WORK INSTRUCTIONS: Copy the final lines exactly, starting at the one that contains "a kitchen with" and ending with the last line of the listing below. Pictures are not part of the copy.

#####

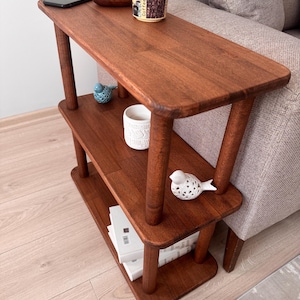 May include: A three-tiered wooden side table with rounded edges and cylindrical legs. The top shelf holds a black smartphone, a small wooden bowl, and a beige mug with coffee bean graphics. The middle shelf holds a white textured cup and a white bird figurine.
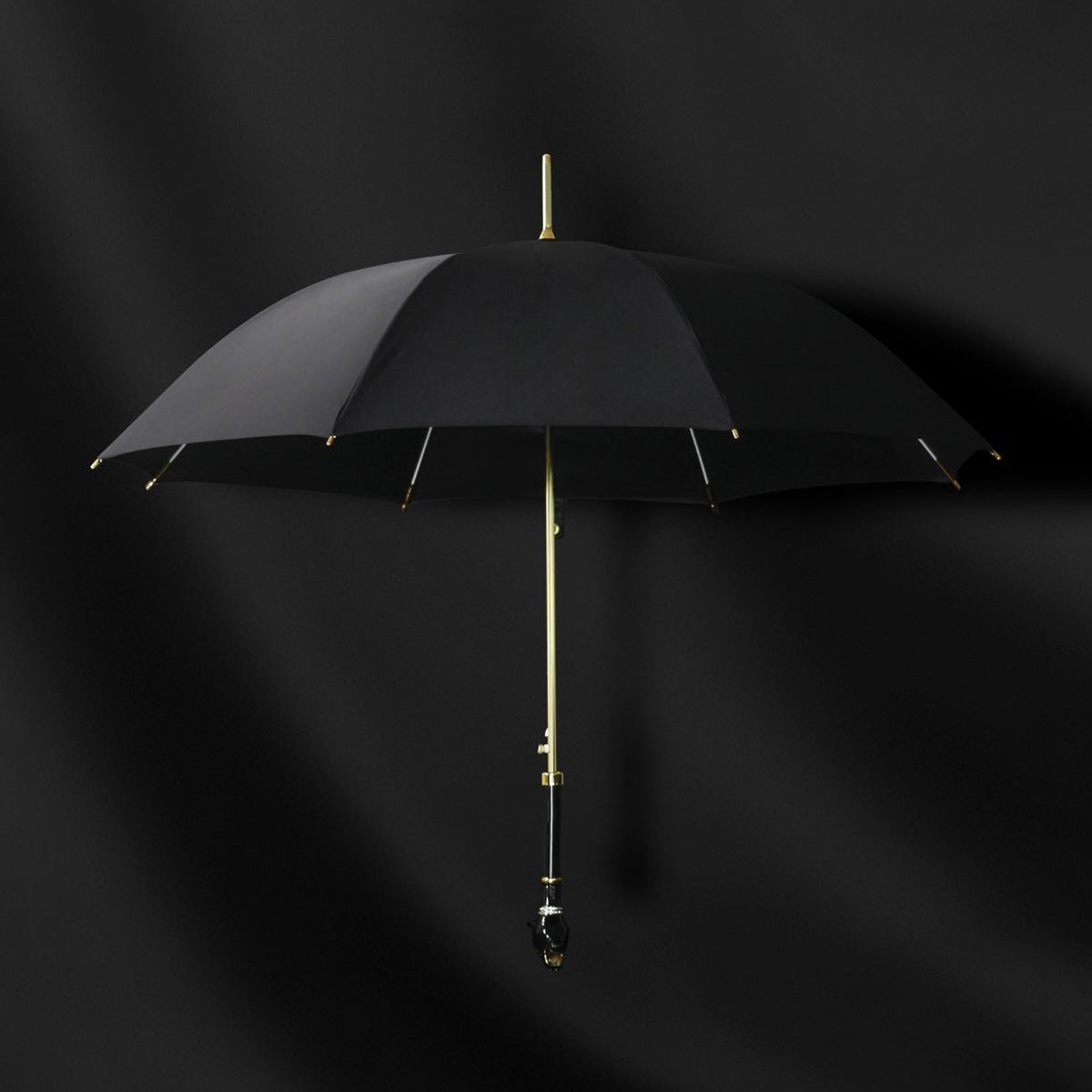 Elegant Black Umbrella with Gold Accents open against dark background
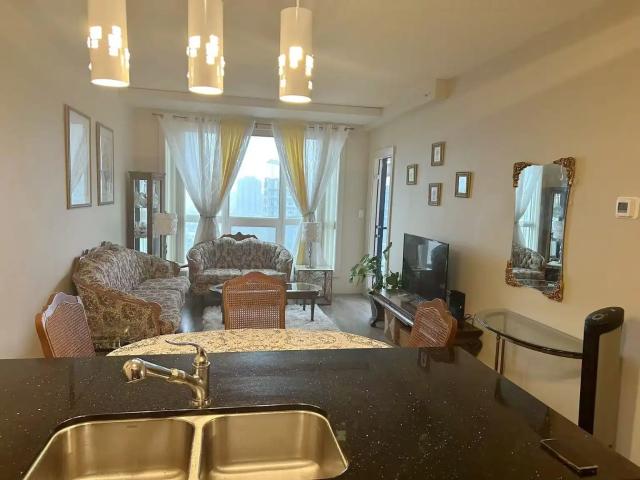20th Floor 1 Bed + Den Condo – South Views & Direct LRT Access!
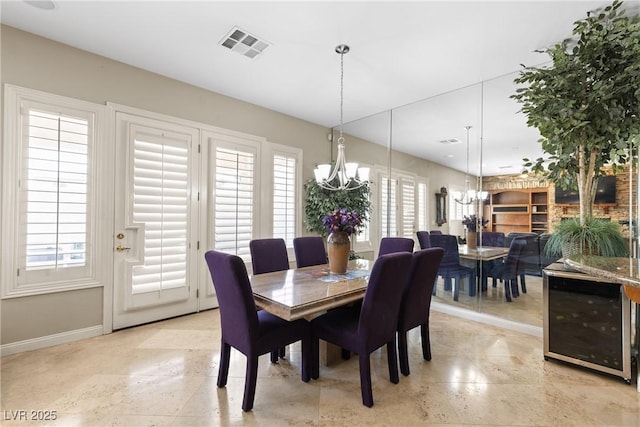 dining area with baseboards, a notable chandelier, visible vents, and beverage cooler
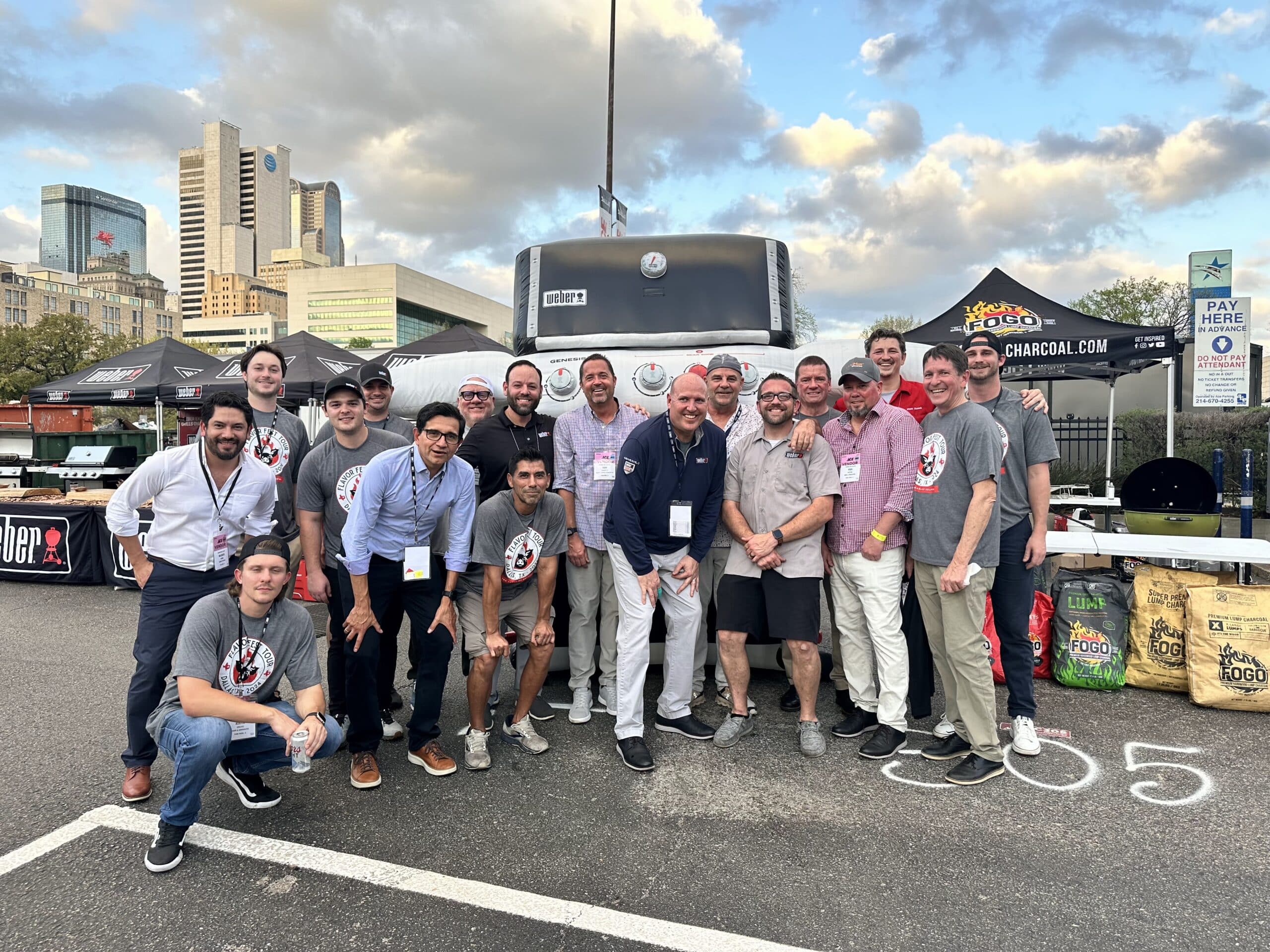 Group photo in front of Weber grill inflatable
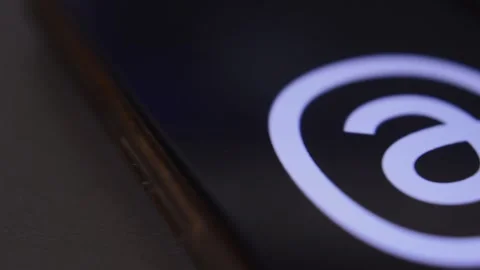Threads social media app by meta. Threads app icon logo on the phone display. Stock Footage 258929655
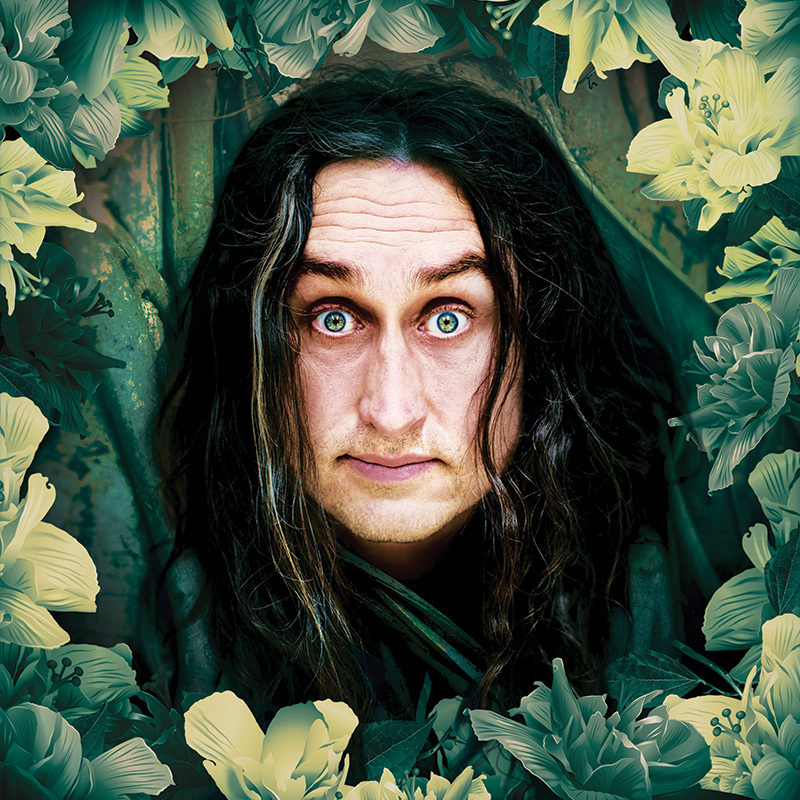 Image of Ross Noble wearing a black long sleeve button up shirt with his arms crossed, looking at the camera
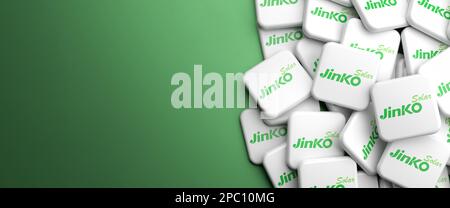 Logos of the chinese solar panel manufacturer JinkoSolar on a heap on a table. Copy space. Web banner format. Stock Photo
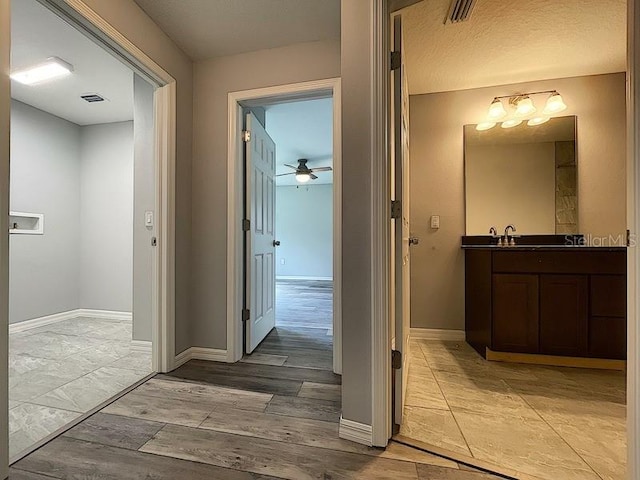 hallway with sink and light hardwood / wood-style flooring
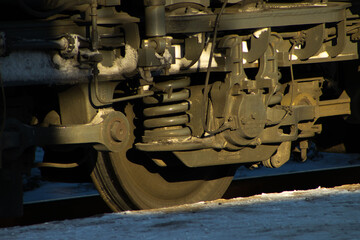 Wheels and Complex Coil Spring Suspension on a Blue Railway Freight Car Bogie
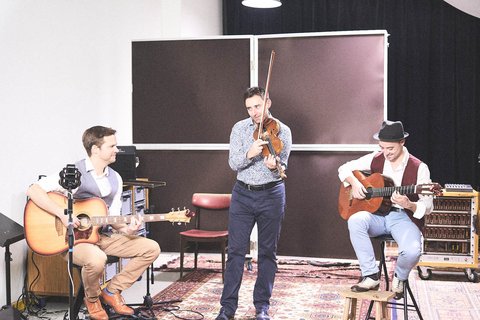 Drei Musiker stehen in einem Raum: ein Mann mit einer akustischen Gitarre, ein anderer mit einer Violine, und ein dritter sitzt mit einer klassischen Gitarre. Sie spielen gemeinsam Musik und wirken konzentriert. Im Hintergrund sind einige Instrumente und eine gemütliche Teppichfläche zu sehen.
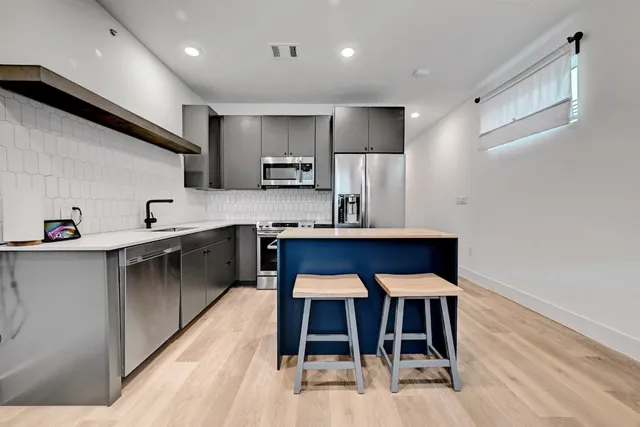 a kitchen with kitchen island stainless steel appliances cabinets a sink and a counter top space
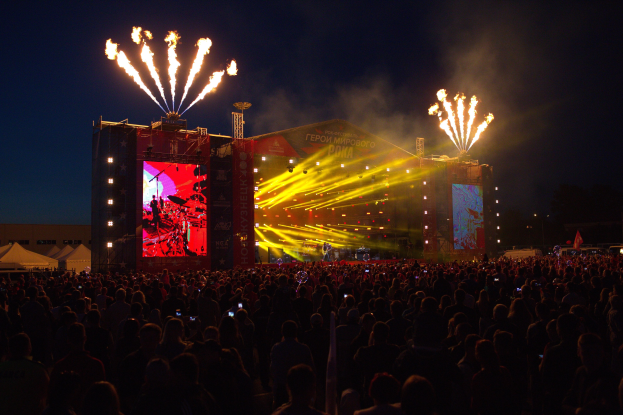 Eine große Menschenmenge auf einem Musikfestival schaut auf einer hell erleuchteten Bühne Performern zu, mit Zelten links und Feuerwerk in einem dunklen Himmel dahinter.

#####

RESPONSE TO THIS TASK:
 a kitchen with kitchen island stainless steel appliances cabinets a sink and a counter top space
 Eine große Menschenmenge auf einem Musikfestival schaut auf einer hell erleuchteten Bühne Performern zu, mit Zelten links und Feuerwerk in einem dunklen Himmel dahinter.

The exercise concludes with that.